Where participation is genuinely intended to inform, engage and co-produce then again according to Ulm – “it has to be incorporated from the outset and with a perspective of continuity”, but the Łódź position also has validity in that “not everyone needs to be involved everywhere” or at all times on all issues in this complex exercise. If however a participative structure is only introduced at a later stage or when difficulties arise there is real risk of obstruction, costly delay or even conflict which finally contradicts the principle of governance. In parallel, as Orebrö demonstrates how to build a strong (inter-active) communication strategy (incl. social media), Ulm suggests that the real challenge in this is to be transparent, setting out what is possible in terms of stakeholder contribution and exactly what the limits of the planning and participation process are.
The Railway Hub experience may never be fully community-led but it describes a trajectory far removed from conventional top-down intervention, traditionally defended by technical and capital considerations. ENTER.HUB partners have clearly demonstrated that the wider community should and can have a highly significant role to play in developing this civic asset.

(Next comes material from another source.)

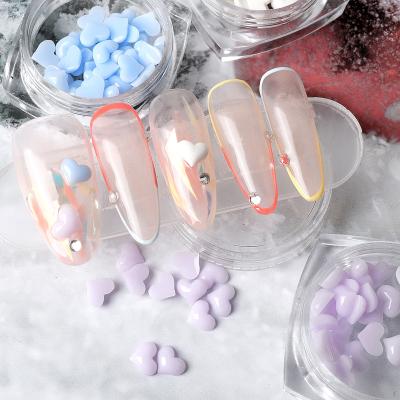 China Beauty Fashion Jewelry Sun Gradient Color Love Resin Nail Art 5.5*4.5mm DIY Romantic Peach Heart 3D Nail Accessories for sale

1. Łódź (Poland) – The Board of the New Centre of Lodz. Construction of Fabryczna Station
2. Creil Agglomeration (France) – Anticipating HST
3. The Ulm Stakeholder Forum (Germany)
 Estimates suggest that more than 20% of people using modern station complexes are not travellers
 Intense citizen protest against the Stuttgart 21 mega station project (50,000 people on the street in September 2010) forced a referendum in the Landtag Baden-Wurttemburg in 2011 – critical consequences at national level, in political terms and major impact on budget and timing.